Over time, Uganda rebuilt core institutions. The armed forces were restructured into a national army with a defined doctrine and role in regional stability. Internal insurgencies were contained, and relative territorial cohesion was restored. While challenges remain, the state did not fragment in the way seen elsewhere in the region.

Uganda also became a destination for displaced populations from across the region, including South Sudan, the Democratic Republic of Congo, Burundi, Somalia, Rwanda, and Ethiopia. This influx reflects both humanitarian policy and relative internal stability in a volatile neighbourhood.

Regionally, Uganda has positioned itself as an active diplomatic and security actor, participating in peace processes in South Sudan and the wider Great Lakes region, and engaging in continental frameworks such as the African Union. This reflects a foreign policy shaped by security considerations and regional interdependence.

Domestically, political and social institutions have expanded in scope. Women occupy senior positions across government, the judiciary, and the military. Cultural institutions, including traditional kingdoms, were restored and integrated into the broader governance framework as part of post-conflict accommodation and identity management. Religious freedom has also remained broadly protected within the constitutional framework.

Supporters of the current order argue that this continuity has provided predictability in a region marked by volatility. Critics, however, raise concerns about political longevity and succession planning. The tension between continuity and renewal remains central to Uganda’s political debate.

Comparative history shows that leadership duration alone is not a sufficient measure of political success or failure. Long tenures in countries such as Germany under Helmut Kohl or Angela Merkel are often associated with periods of consolidation, while other extended administrations have produced stagnation. The determining factor is less duration than institutional direction and adaptability.

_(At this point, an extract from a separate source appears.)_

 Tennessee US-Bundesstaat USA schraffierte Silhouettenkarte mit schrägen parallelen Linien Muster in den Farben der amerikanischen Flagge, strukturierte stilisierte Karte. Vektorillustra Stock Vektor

The central question for Uganda is therefore not simply about departure or continuity, but about readiness for transition without destabilisation. In fragile states, abrupt political shifts without institutional depth can risk reversing gains achieved over decades.

Museveni’s metaphor of the hunter reflects this dilemma: whether it is safe to leave the field while the environment remains uncertain and the institutional “game” is still consolidating. The underlying argument is that premature exit may create a vacuum that weaker systems are unable to manage.

Ultimately, Uganda’s trajectory illustrates the tension between stability and renewal in post-conflict state-building. The challenge is to preserve institutional gains while ensuring that political evolution remains possible without triggering systemic disruption.

The question is not only where the hunter should go, but whether the field is stable enough to sustain what comes after him.